Over the years supercapacitors have established themselves as energy storage devices as well as a subject to reckon with. Thus, not surprisingly tremendous effort has been put in the field of supercapacitor research. However, a device with all desirable characteristics has not yet been realized and hence deserves to be paid utmost heed. Herein, we report a facile synthesis of porous graphene-NiO (PGNO) nanocomposites via a unique mixed solvent system through a solvothermal approach. The microscopic characterization of porous graphene (PG) reveals the presence of pores in the graphene sheets, NiO (NO) shows flake like structure and PGNO composite displays the anchoring of NO nanoflakes on the PG sheets.
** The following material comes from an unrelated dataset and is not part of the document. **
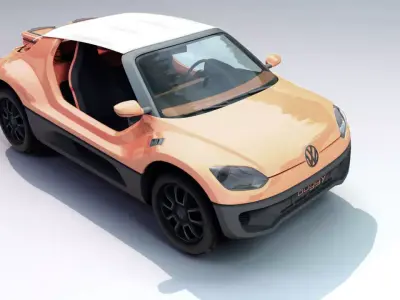 Volkswagen baggy Up Low-poly 3D model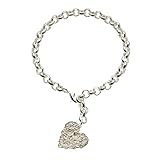 Misst ungefähr - Kettenbreite 0,5 cm x Herzbreite 1,9 cm x Kettenlänge 20,0 cm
A series of electrode materials were prepared by varying the percentage composition of PG and the materials were named as 5–30 PGNO, respectively. The electrochemical study represented a good capacitance value of 511.0 F g−1 at a scan rate of 5 mV s−1 for the 10 PGNO composite in a 3-electrode method and 80% retention of initial capacitance after 10,000 cycles at a current density of 8 A g−1. The fabricated symmetrical hybrid supercapacitor by using the 10 PGNO electrodes also depicted a good capacitance value of 86.0 F g−1 at a scan rate of 5 mV s−1. The fabricated device retained 84% of initial capacitance at the end of 10,000 cycles at a current density of 8 A g−1, demonstrating the good electrochemical strength and rate capability of the material. The percentage of double layer capacitance and pseudocapacitance contributions to the overall specific capacitance of the PGNO supercapacitor has also been estimated. Overall, the results exhibited by the composite material warrants its beneficial utility in energy storage devices.